I still keep putting money in it because I will never get my money back. I still like my car. It taught me a big lesson. Good Luck to all of ya ll. (I still have it also)

6th Nov 2003, 08:26

If you blew your engine because of the problem with the lights coming on and the engine over heating, you obviously ran it to long when it started to over heat. I had the same problem, it was the alternator, and I turned my car off right away, towed it to put in a new alternator and nothing was else went wrong.

'92 talon esi owner.

30th May 2008, 23:14

I agree with the original reviewer. DSMs are crap. Always broken, crappily made. They require butt load of work to keep running and always develop DSM specific problems. IE: idle surge, t-case leak etc.

8th Jan 2009, 01:10

The original poster is right in every way. Let this be a warning to people who plan to buy a DSM as a daily driver. Do stay out, stay away from those cars unless you are looking for on-going project car. DSMs require constant upgrades and maintenance. I don't mean fluid changes and brake pads, I mean leaking t-cases, jumping timing belts, now infamous crank walk, leaking valve covers, cracked manifolds and so on.

Unless you are looking for a race-car projects and have a lot of disposable income, stay away.

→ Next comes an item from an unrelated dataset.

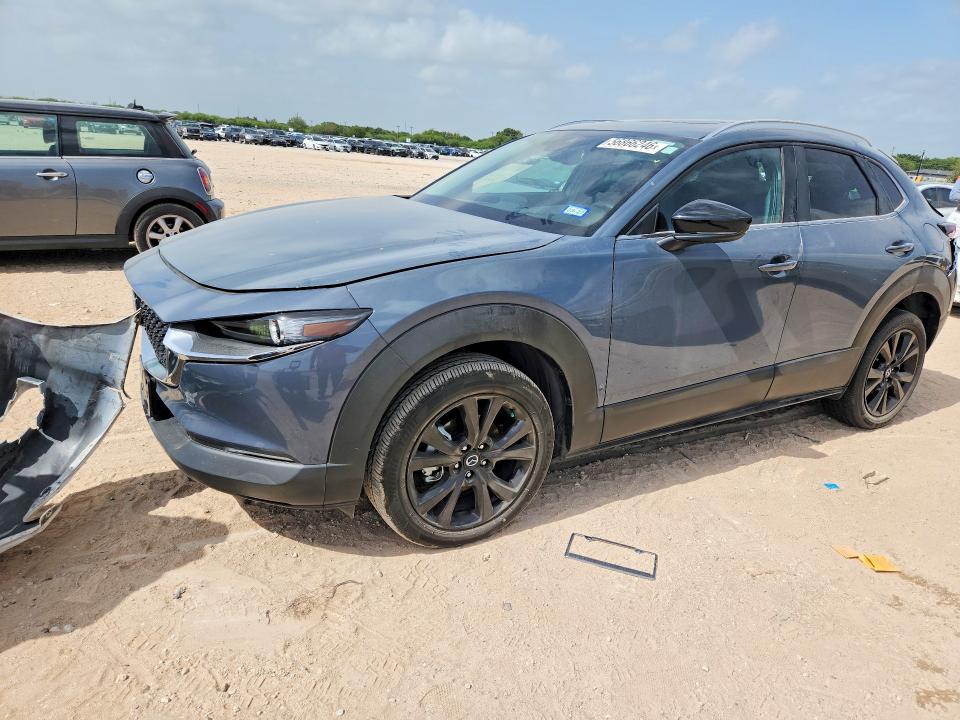 MAZDA CX-30 2022 with VIN 3MVDMBCLXNM415627 - Photo from auction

Don't listen to those who claim that their car runs 'fine', it is bull crap. Go to any DSM forum, dsmtalk.com for example. Look in the help section, look in the lounge. There is a reason why forum members joke that 95% of cars on the forum are not running, and help thread is full of HELP ME FIX IT thread.

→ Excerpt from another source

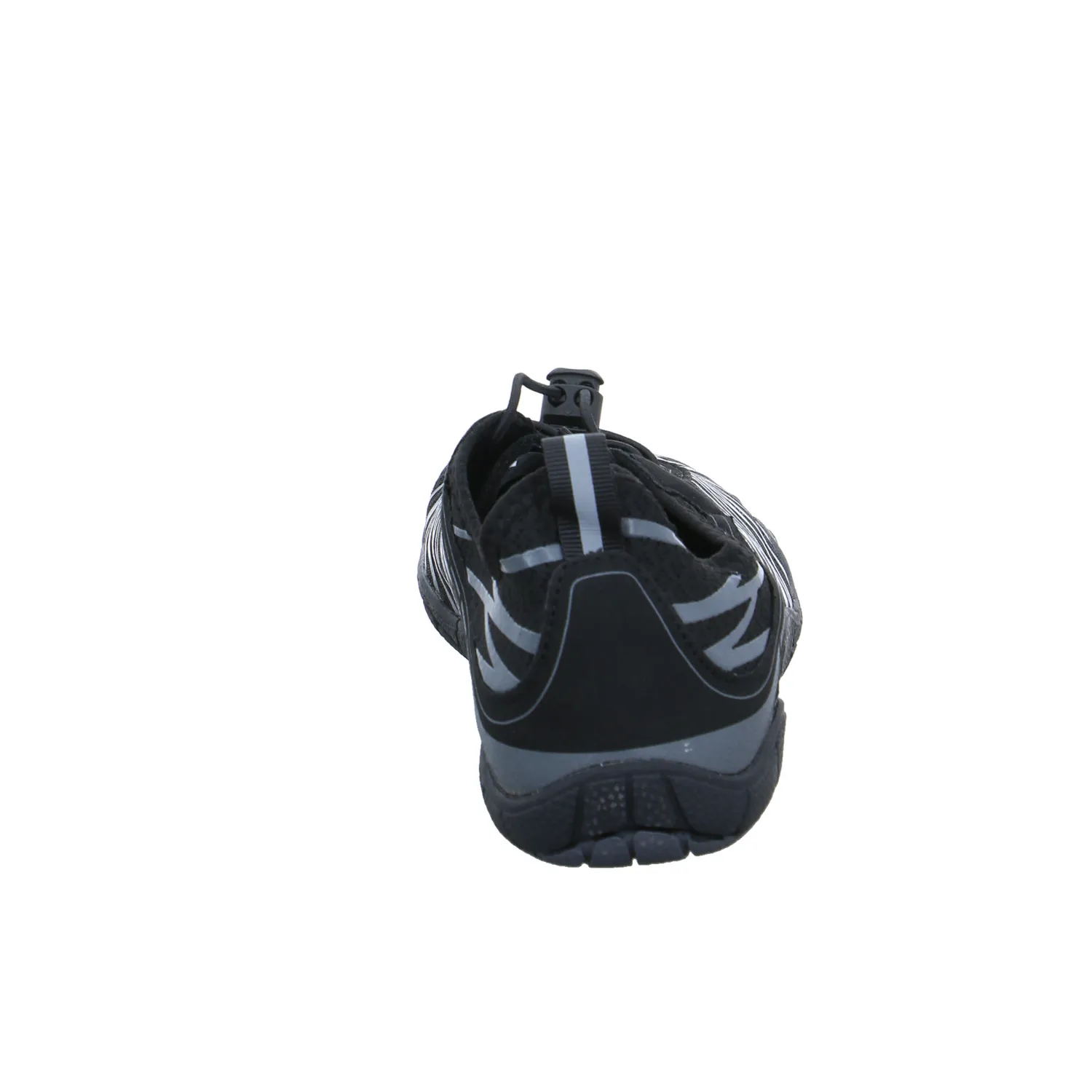 BECKER BADSCHUHE UNISEX Schwarz Synthetik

DSMs will develop irregular, hard to fix and diagnose problems on a regular basis. It doesn't matter whether you car was maintained or not. Build quality is to blame for everything. For example, drive-shaft carrier bearings are held up by rubber washers, with one nut. There is no metal washers or anything. Once those two rubber washers rot, your bearing will drop down and so will your drive shaft.

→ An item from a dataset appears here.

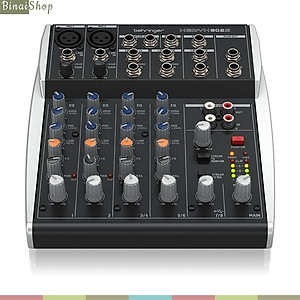 Behringer XENYX Q802S - Mixer Thu Âm 8 Cổng Vào - Hàng Nhập Khẩu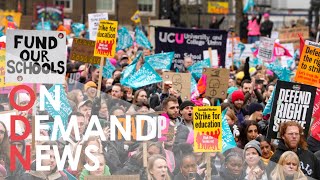 Why Are Half a Million Workers Striking in the UK?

Your driver's side axle on 1G AWD cars is attached to the engine block with two bolts. In an event a bolt breaks, there is no way to take it out besides removing the engine.

If your timing belt jumps few teeth, chances are you are looking for a new head.

Due to design fault oil filters have tendency to unscrew themselves. Quite a few people had lost their motor because they didn't catch this in time.

Transfer case of AWD cars has a design flaw in the drive shaft output yoke that lets the fluid leak at high speed. Yoke seal might leak, or yoke itself since it is plugged with copper. To check if yours is leaking, get under the car and look in the area where drive shaft leaves the T-case for wet areas, or look at the downpipe for signs of burned liquid. If your T-case locks up at speed, all 4 wheels will lock up.

Hopefully this will help turn away few people from making a mistake of buying a DSM car. If you want a solid sports car, save some money and buy a BMW M3.

7th May 2009, 06:11

I think I'd rather pay to repair a DSM before a BMW. That stuff is way expensive.

20th Jun 2009, 01:08

I've had my 1992 TSI for the last 10 years, from 80,000-150,000 miles. Fast, fast car, even when left stock. I maintained it with factory parts ie. exhaust manifold, C.V. rubbers, couple of sensors. Changed the oil with Castrol 20-50 because it smoked with thinner oil. I also commuted in it 30 miles a day, every day. Absolutely the funnest commute I ever had, couldn't wait to jump into this car. Just sold it, and she's gonna be sadly missed!!